La última vez se largó de la ciudad después de la muerte de Ernie y permaneció fuera hasta mucho después de que me sacaran a patadas de Nueva York.
– No, pero está muy ocupado.
– Como lo estamos todos. Por favor, dígale que a un detective privado le gustaría robarle unos minutos de su precioso tiempo; eso es todo.
Estoy tratando de ser lo más amable posible, y el esfuerzo hace que sienta una intensa picazón en los dientes.
Parece que el ayudante lo medita un momento, y luego, sin decir palabra, se da la vuelta y desaparece a través de una puerta que hay detrás del mostrador.
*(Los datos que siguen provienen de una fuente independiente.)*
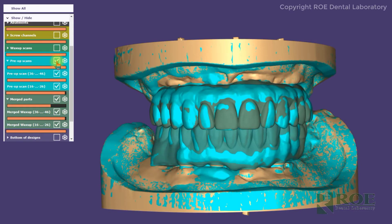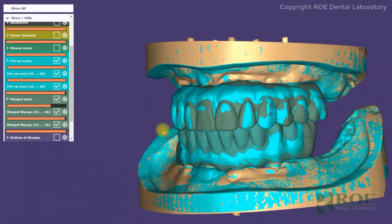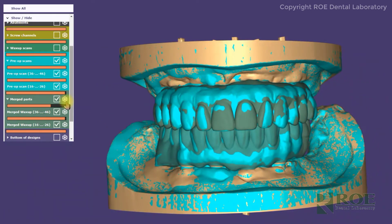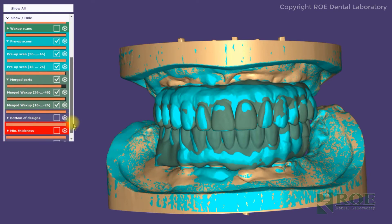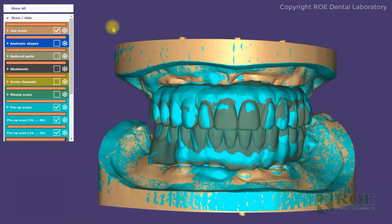So in this example, if you want to compare what the proposal is, or what the original was that came to our laboratory as compared to what we are making, you can toggle it on and off and make a comparison. Those are the multiple layers. There are other layers available, but these are the layers that we'll send out in a normal case view.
Me gustaría husmear un poco, abrir algunos archivos, pero la puerta vuelve a abrirse cuando el forense -bata manchada de sangre, aroma a formaldehído mezclado con lo que debe de ser un olor natural a pino lustrado y pasta de chile- sale al corredor.
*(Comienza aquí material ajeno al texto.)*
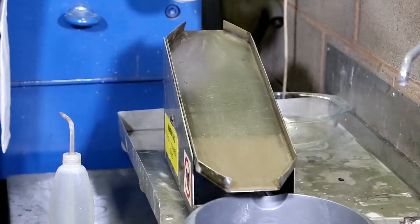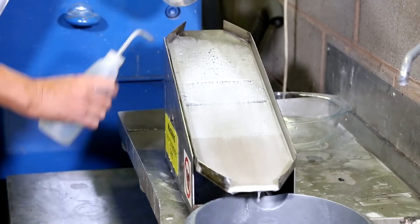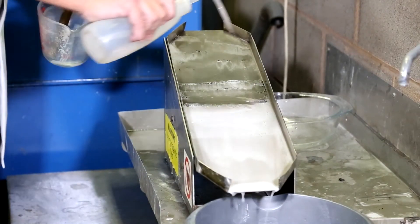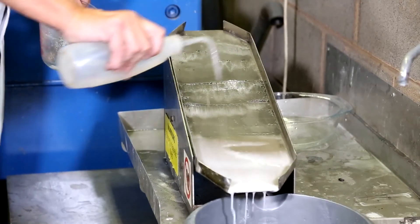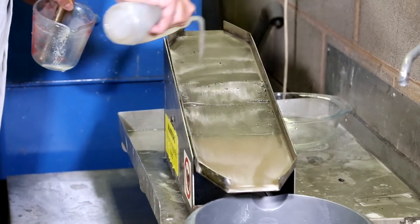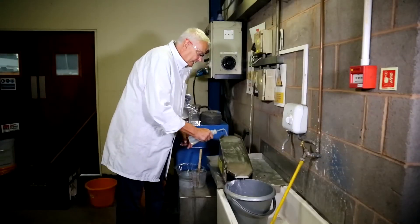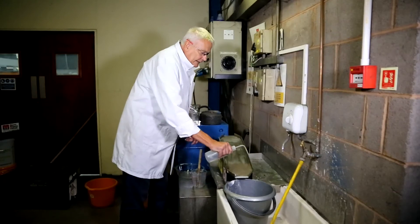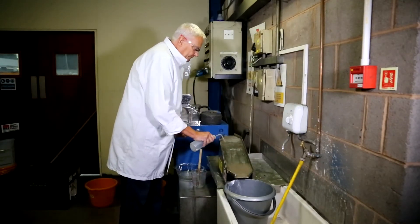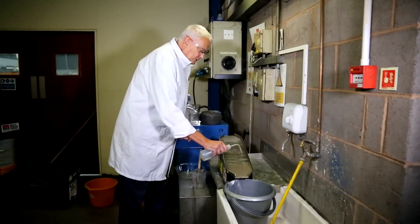We simply take our suspension, pour it quite roughly over the surface of the chute, feed it through and wash it down. And hopefully you'll see that the magnetite particles are captured on the magnet surface there. Our non-magnetics have flowed through quite easily, and we can just wash that to remove any entrained material.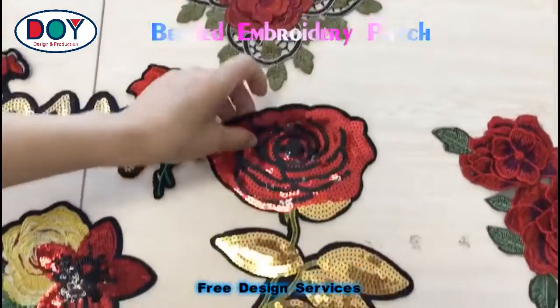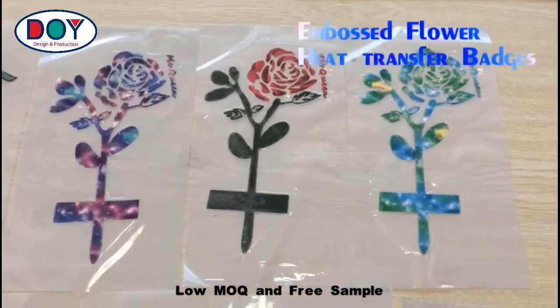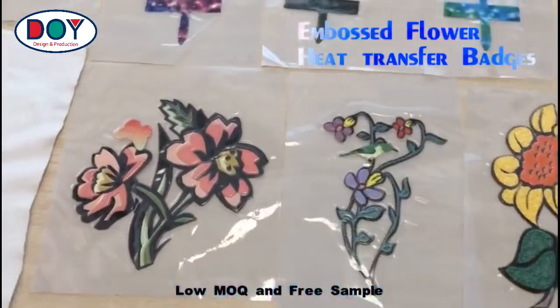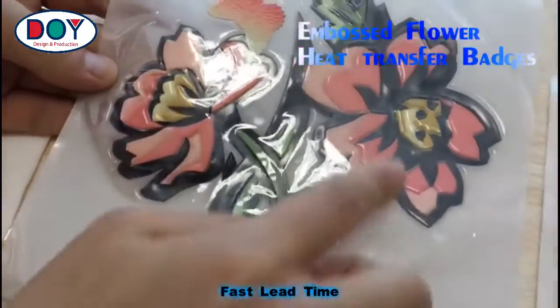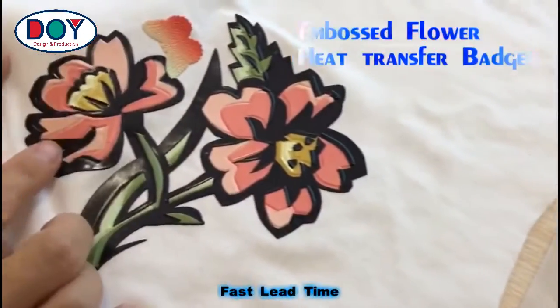This is an embedded embroidery patch. These flower patches are heat transfer patches. They can be ironed onto clothes directly. It's an embossed effect with customized size, added onto fabric.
– Tengo un suicidio colectivo ahí dentro: tres chicos de un instituto decidieron quitarse la vida bebiéndose unos cuantos litros de JD. No resulta un espectáculo muy agradable, pero es un trabajo rápido.
– Entonces iré directo al grano -digo-. Me llamo Vincent Rubio y…
– Sé quién es usted. Es el tío que golpeó a Wally el enero pasado. -Wally observa desde el otro extremo de la habitación, y se encoge al oír su nombre-. En ocasiones el chico necesita un pequeño golpe en la cabeza, pero me gusta ser el que se lo da, ¿me entiende?
– Entendido -le contesto-, y ya me he disculpado por aquel desafortunado incidente. Lo que busco ahora son los informes de los casos de Raymond McBride y Ernie Watson, ambos fallecidos hace aproximadamente nueve meses. Tengo entendido que fue usted quien se encargó de las autopsias…
– Pensaba que el caso estaba cerrado.
– Lo estaba
– ¿Lo estaba?
– Lo está. Mi investigación no está relacionada con ellos.
El forense mira a Wally, al techo, al suelo. Se da un tiempo para tomar una decisión. Finalmente me hace señas para que lo siga. Atravesamos la sala de autopsias y entramos en su despacho, un espacio utilitario que sólo incluye un pequeño escritorio, un sillón y tres archivadores. Me quedo en la puerta, y él abre uno de los archivadores; bloquea con su cuerpo mi campo visual.
– Cierre la puerta, ¿quiere? -dice, y yo obedezco-. Prefiero que el chico no oiga lo que decimos. Es como un hijo para mí, pero un mamífero es siempre un mamífero, si entiende lo que quiero decir.
Ahora hay dos carpetas sobre el escritorio, y el forense -el doctor Kevin Nadel, según la placa que hay en la puerta del despacho- revisa su contenido rápidamente.
– McBride. Sí, es la misma información que les proporcioné a todos los demás. Conté veintiocho heridas de bala en su cuerpo, en varios sitios diferentes.
Pequeñas manchas azules marcan la superficie de un perfil humano, puntos distribuidos al azar a través de la cabeza, el torso, las piernas, aparentemente sin seguir un modelo definido.
Señalo una serie de números apuntados en el informe de la autopsia.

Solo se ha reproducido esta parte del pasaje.